研究
【海洋学部】「三保サーモン」本格販売開始
6次産業モデルで新名物を開発
東海大学が、静岡市や日建リース工業㈱などと研究開発を進める「三保サーモン」の本格販売がスタート。昨年12月17日に、静岡市・ホテルクエスト清水で記者発表会が開かれた。三保サーモンは駿河湾の地下海水を用いて養殖されており、海水をくみ上げる時点では酸素をほとんど含まないため、アニサキスをはじめとした寄生虫症の心配がない。また、加工・消費地の近くで周年生産されるため、鮮度管理や消費機会に応じた安定提供を可能としている。同事業には代表機関の日建リース工業をはじめ、回転ずしチェーン「かっぱ寿司」などを運営するコロワイドグループといった民間企業が参画。海洋学部と静岡市も加わった6次産業モデル=Key Word参照=で推進している。東海大は、30年以上にわたって駿河湾の地下海水を使った養殖方法の研究に取り組む秋山信彦教授や、水産加工学、機能性食品学が専門の平塚聖一教授を中心に、養殖環境整備や商品開発に協力している。2020年10月には清水区三保にある東海大の敷地内に、日建リース工業が「三保地下海水養殖センター」を設立。翌月から養殖が始まり、現在も研究を進めながら21年度に20トン、22年度には30トンの生産を目指している。

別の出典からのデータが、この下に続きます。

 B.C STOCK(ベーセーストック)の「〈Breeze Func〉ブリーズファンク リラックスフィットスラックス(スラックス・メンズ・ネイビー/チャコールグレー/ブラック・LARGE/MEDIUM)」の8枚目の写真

記者会見では各機関の代表者が登壇し、日建リース工業代表取締役社長の関山正勝氏らが事業概要を説明した。山田清志学長は、「サーモンは世界中で需要が高い。静岡県はもちろん、日本の名産品になることを期待し、今後も研究開発に貢献していきます」とあいさつした。会見後には、試食会や養殖センターの見学会も行われた。秋山教授は、「安定的かつ効率的な養殖法を探りながら他種の養殖にもチャレンジし、今後も地域活性化に貢献していく」と話している。